Bilateral relations between Cyprus and Norway

Cyprus–Norway relations are the bilateral relations between Cyprus and Norway. Diplomatic relations were established on 22 March 1963. The government in Cyprus considers that the "bilateral relations between Cyprus and Norway are excellent in all fields". Neither country has resident ambassadors.

==Diplomatic relations==
Cyprus is represented in Norway through its embassy in Stockholm, Sweden, and two honorary consulates, one in Oslo and the second in Kristiansand. Norway is represented in Cyprus through its embassy in Athens, Greece, and an honorary consulate in Nicosia. Both countries are full members of the Council of Europe. Diplomatic relations were established on 22 March 1963. On 7 April 1998, Svein Ole Sæther became the non-resident Norwegian Ambassador to Cyprus stationed in Tel Aviv. He said "[bilateral relations] have been enhanced over the last years, not least due to tourism." Norway used the opportunity to reaffirm its support to a peaceful solution to the Cyprus dispute and said it would support Cyprus' entry into the European Union.

==Agreements==
On 21 August 1951, there was a Consular Convention and an Exchange of Letters relating to establishing diplomatic relations. On 2 May 1951, there was a Convention for the Avoidance of Double Taxation and the Prevention of Fiscal Evasion with respect to Taxes on Income. On 17 May 1962, there was an Exchange of Letters constituting an Agreement on the Abolition of Visa Requirement in Nicosia. On 5 March 1963, there was an Agreement on Commercial Scheduled Air Transport signed in London.

== Cyprus as tax haven==
The taxation levels in Cyprus are considerably lower than in Norway, and Cyprus has actively courted Norwegians to move to Cyprus. Among the Norwegians who moved to Cyprus is the shipping billionaire John Fredriksen, who was the richest man in Norway.

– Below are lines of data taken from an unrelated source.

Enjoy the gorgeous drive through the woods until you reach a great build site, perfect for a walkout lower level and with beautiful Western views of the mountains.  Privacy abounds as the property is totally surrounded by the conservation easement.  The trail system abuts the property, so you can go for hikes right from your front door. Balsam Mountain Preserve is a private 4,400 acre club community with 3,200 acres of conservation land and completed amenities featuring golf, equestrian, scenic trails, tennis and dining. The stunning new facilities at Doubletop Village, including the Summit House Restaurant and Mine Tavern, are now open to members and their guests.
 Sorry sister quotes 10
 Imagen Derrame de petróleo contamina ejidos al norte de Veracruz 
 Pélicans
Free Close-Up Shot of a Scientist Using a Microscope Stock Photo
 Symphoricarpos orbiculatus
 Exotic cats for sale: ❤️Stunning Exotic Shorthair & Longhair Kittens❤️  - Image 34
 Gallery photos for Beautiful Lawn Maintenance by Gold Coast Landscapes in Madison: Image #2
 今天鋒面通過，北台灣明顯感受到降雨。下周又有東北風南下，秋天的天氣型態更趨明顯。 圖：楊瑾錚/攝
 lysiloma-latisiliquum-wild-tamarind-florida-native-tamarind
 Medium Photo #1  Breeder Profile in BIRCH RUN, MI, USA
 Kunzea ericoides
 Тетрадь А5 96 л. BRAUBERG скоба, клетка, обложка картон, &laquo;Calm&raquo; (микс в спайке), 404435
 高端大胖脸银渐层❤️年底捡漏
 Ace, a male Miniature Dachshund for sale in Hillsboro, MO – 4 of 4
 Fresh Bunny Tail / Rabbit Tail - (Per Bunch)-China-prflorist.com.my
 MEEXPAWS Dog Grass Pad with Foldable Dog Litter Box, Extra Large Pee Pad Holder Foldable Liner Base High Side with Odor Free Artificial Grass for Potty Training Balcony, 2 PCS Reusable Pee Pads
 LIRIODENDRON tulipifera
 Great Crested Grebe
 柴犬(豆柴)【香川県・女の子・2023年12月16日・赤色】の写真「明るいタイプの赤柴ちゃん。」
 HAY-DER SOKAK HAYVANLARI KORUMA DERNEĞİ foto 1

In 1996, tax rules in Norway were changed to keep shipping companies competitive and under the Norwegian flag as ships changed their registry to Cyprus. By 2008, changes to the tonnage tax regime to harmonize them with the European Union forced some companies to register in Cyprus. Norwegian Service rig company Prosafe moved their headquarters to Cyprus.

Several Norwegian retirees also moved to Cyprus; this too is largely to benefit from the lower tax rate on Cyprus and the minimal crime.
== Resident diplomatic missions ==
- Cyprus is accredited to Norway from its embassy in Stockholm, Sweden.
- Norway is accredited to Cyprus from its embassy in Athens, Greece.